Students, faculty and Student Government Association officials gathered in the University Center lobby Feb. 17 to object to the issues of the impending budgets cuts that amount to a loss of $8.2 million.
The budget reductions have left Northern Kentucky University scrambling to tighten its belt. Academics, athletics, student life and housing are being asked to curtail spending.
The rally was intended to get students and faculty voice their opinions to Frankfort about the budget cuts and how devastating the results could be to the future of NKU.
“The speeches were relevant and resourceful, no matter what this affects us all, full-time, part-time, commuters,” Curtis White, a junior psychology major, said about the rally. “We’re all going to be affected.”
SGA Sen.

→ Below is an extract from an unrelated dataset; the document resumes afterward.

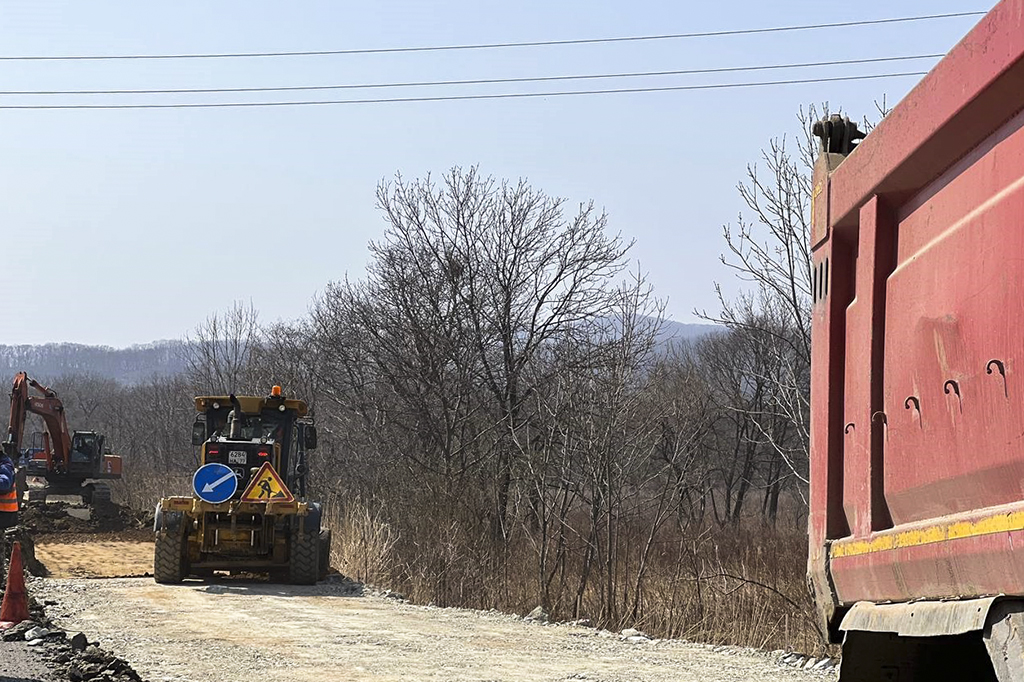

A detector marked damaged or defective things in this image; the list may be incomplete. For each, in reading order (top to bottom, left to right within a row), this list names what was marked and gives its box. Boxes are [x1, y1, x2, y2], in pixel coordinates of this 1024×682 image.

Mike Tobergta was the first to step up and speak to the students and press, who heard him recite the facts of the budget cut and future problems it would eventually cause.
Gabe Cronon, vice president of student involvement and junior speech communication major, also spoke at the rally. He stressed the importance of maintaining what NKU has and having student’s tell Frankfort what is important to the student body.
“We can no longer stand silently in the corner and allow our university to take the budget cuts that are estimated,” Cronon said. “We are not asking for superfluous buildings, excessive operating expenses. We are asking to maintain the level of education at Northern Kentucky University.”
SGA president Alyse Bender spoke as well.
“These budget cuts could set NKU back a decade of work. Do what it takes to ensure the success of NKU,” She said.
University President James Votruba also decried the budget cuts at the podium.
“NKU is the most under-funded university in the Commonwealth,” Votruba said. “We’ve had to make budget cuts every year of our 40-year history. We are the fastest growing university and vital to this region and the Commonwealth.”
Throughout his speech, Votruba stressed that the potential budget cuts would be equal to losing 110 full-time faculty and staff or a 24 percent increase in tuition.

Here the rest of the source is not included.